Query Researchers and Affiliations by ORCID¶
This notebook shows how to fetch an researcher and co-authors by ORCID frist. Then it extracts affiliation data to map the locations on a world map. Finally it shows researcher-affiliation relationships in a graph.
Related Notebooks:
- ORCID Notebook
Query for researchers' data by passing an ORCID to the Augment API. Visualise co-author relationships in a graph. - Publications Notebook
Extract a publications list for a researcher in Bibtex Format.
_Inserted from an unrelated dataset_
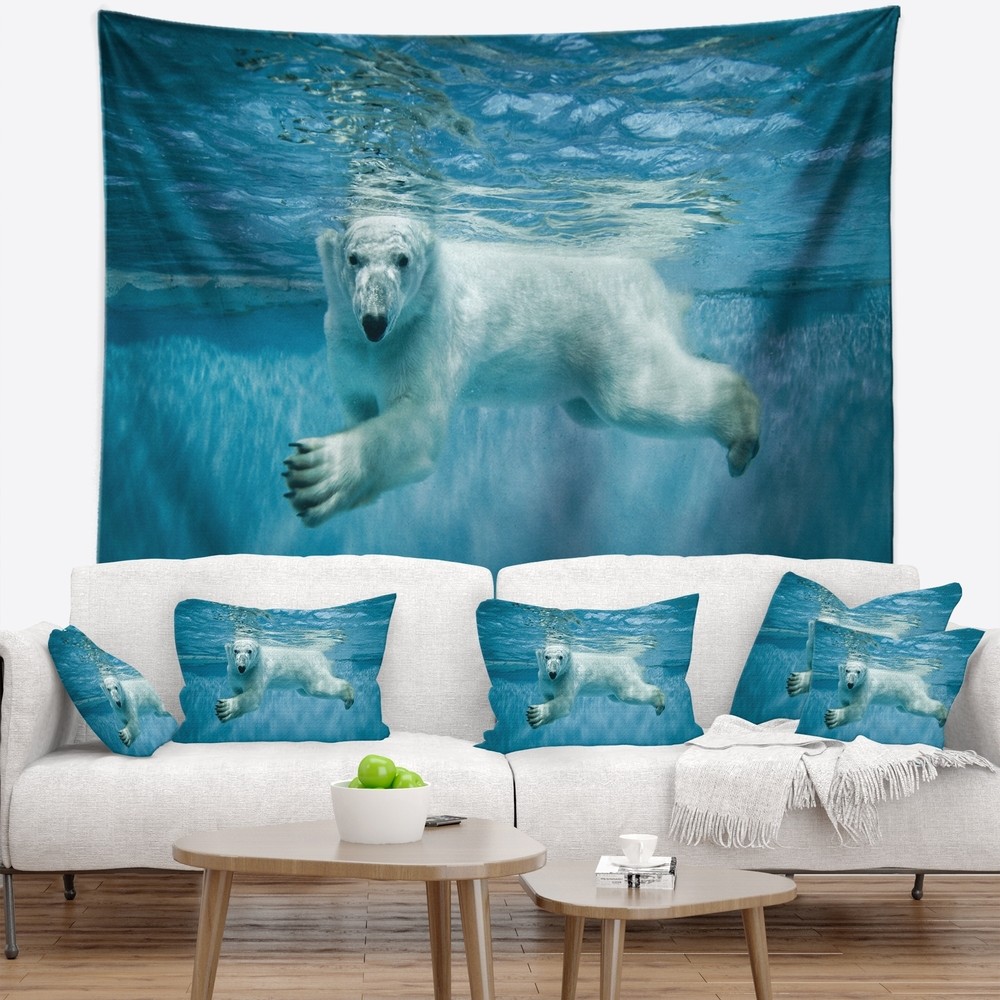 Designart 'Polar Bear Swimming under Water' Animal Wall  Small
Visualise publication counts with a bar plot and generate a keyword word-cloud. - DOI Notebook
Query publications data by passing a DOI to the API.
import sys
sys.path.append('../')
# Package for mapping data on world map
# !{sys.executable} -m pip install folium
import folium
# Packages for plotting charts, graphs
import ast
import altair as alt
import networkx as nx
import nx_altair as nxa
import numpy as np
import matplotlib.pyplot as plt
%matplotlib inline
# Packages for data manipulation
import pandas as pd
from datetime import datetime, date
# Build-in packages to use API
import requests
import json
# packages to read API_KEY
import os
from os.path import join, dirname
from dotenv import load_dotenv
load_dotenv();
API Errors¶
When using the API, we load API_KEY and ORCID ID you want to search into variables and add them in the url string. Later the python request package will pass those values to the API and get the data you want. This section shows the 2 types of common errors you might get when using augment API. Either the ORCID id passed is invalid or the API_KEY is not load successfully from you environment file.
ORCID ID Not Found¶
Here we assign an invalid value to the ORCID variable. When error occurs, the request.get( ) will be an object with the status code indicating error type and an error message.
# ORCID ID not found
API_KEY = os.environ.get("API_KEY")
ORCID = "0000-0003-XXXX-XXXX"
url = f'https://augmentapi.researchgraph.com/v1/orcid/{ORCID}?subscription-key={API_KEY}'
r = requests.get(url)
# print a short confirmation on completion
print('Augment API query complete ', r.status_code)
if r.status_code == 400:
print(r.json()[0]["error"])
Missing API_KEY¶
You will receive an authentication error if the API KEY is invalid.
# Missing API_KEY
API_KEY = ''
ORCID = "0000-0002-0715-6126"
url = f'https://augmentapi.researchgraph.com/v1/orcid/{ORCID}?subscription-key={API_KEY}'
r = requests.get(url)
# print a short confirmation on completion
print('Augment API query complete ', r.status_code)
if r.status_code == 401:
print(f'Authentication error.',r.json()['message'])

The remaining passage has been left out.